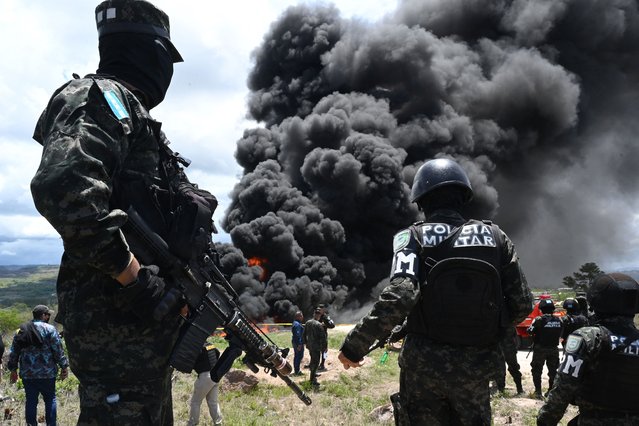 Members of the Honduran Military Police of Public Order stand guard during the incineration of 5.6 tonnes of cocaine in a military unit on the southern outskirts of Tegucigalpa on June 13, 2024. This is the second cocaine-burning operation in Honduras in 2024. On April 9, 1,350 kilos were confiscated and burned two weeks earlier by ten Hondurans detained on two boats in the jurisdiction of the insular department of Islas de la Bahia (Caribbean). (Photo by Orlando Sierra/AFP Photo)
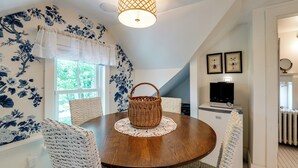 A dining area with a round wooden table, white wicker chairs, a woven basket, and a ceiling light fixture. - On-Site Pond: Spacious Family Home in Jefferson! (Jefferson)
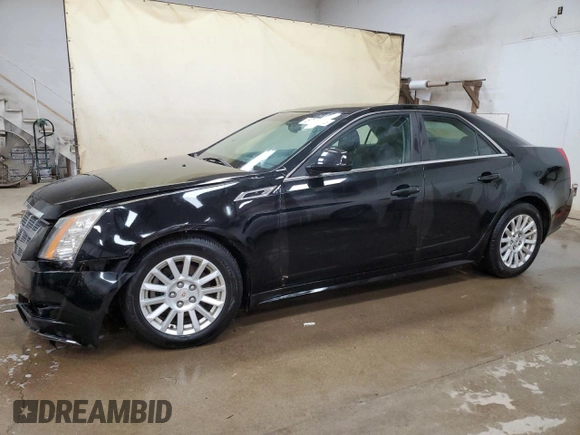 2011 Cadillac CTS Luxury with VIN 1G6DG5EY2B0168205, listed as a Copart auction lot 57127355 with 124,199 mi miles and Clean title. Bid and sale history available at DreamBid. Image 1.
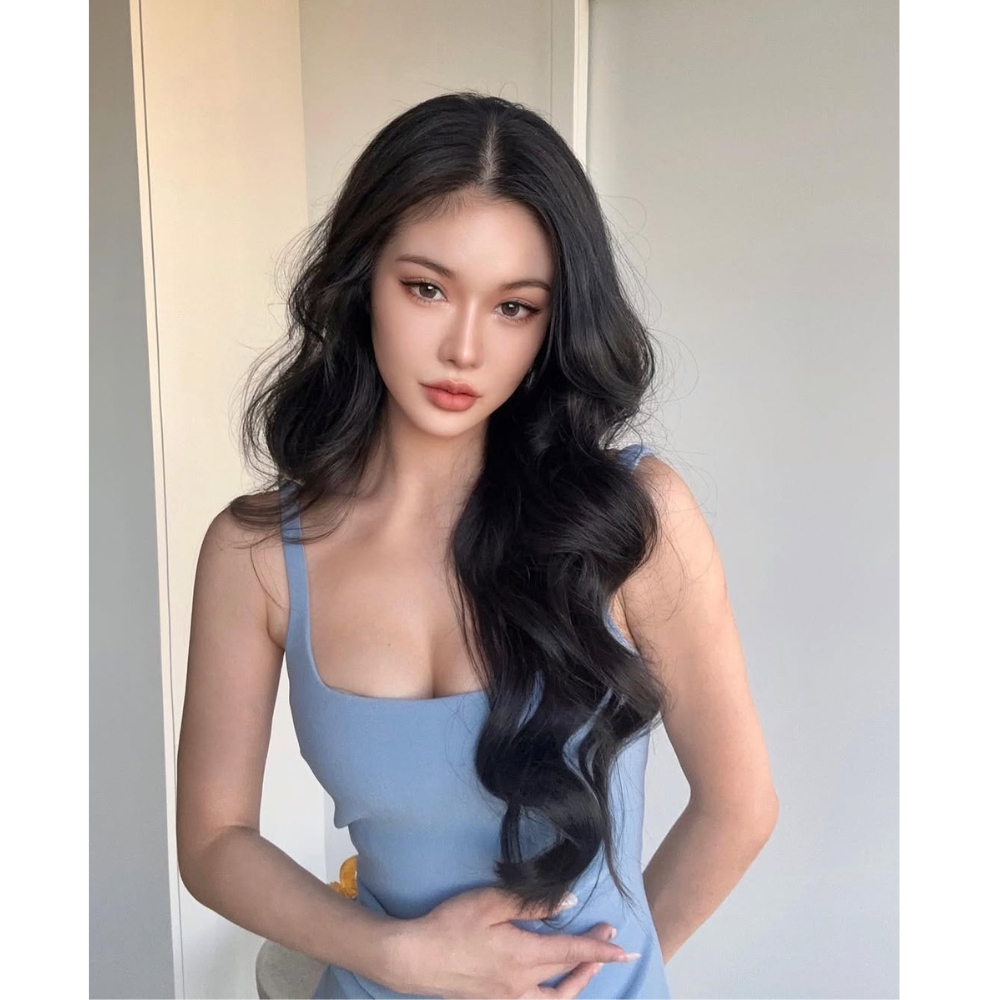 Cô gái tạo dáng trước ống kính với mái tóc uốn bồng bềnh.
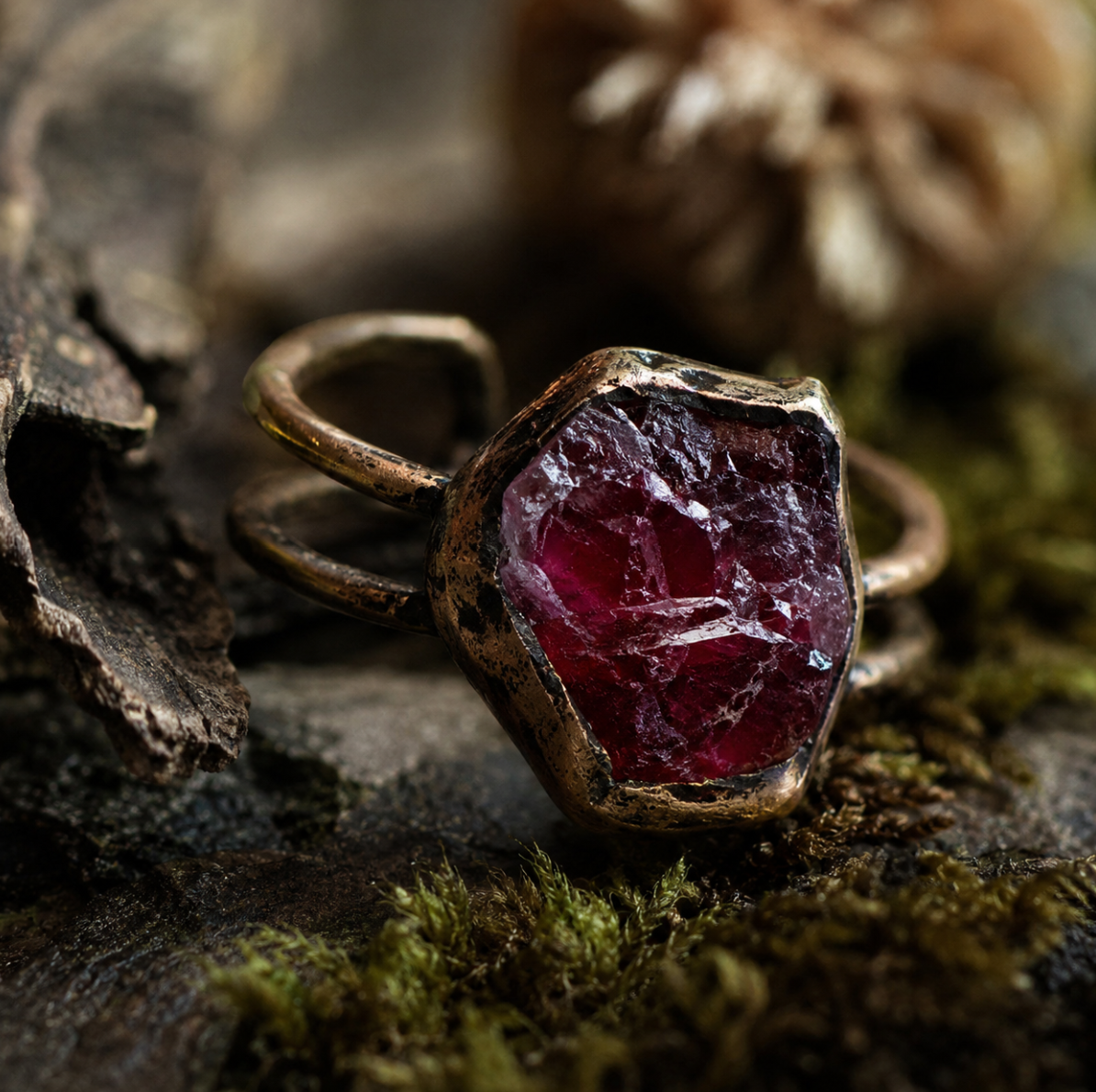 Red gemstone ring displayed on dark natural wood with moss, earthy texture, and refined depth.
..........
## Task statement
Please output the lines from the line that contains "Cô gái tạo dáng" through the end of the records, both ends included, exactly and with no pictures.

## Task result
 Cô gái tạo dáng trước ống kính với mái tóc uốn bồng bềnh.
 Red gemstone ring displayed on dark natural wood with moss, earthy texture, and refined depth.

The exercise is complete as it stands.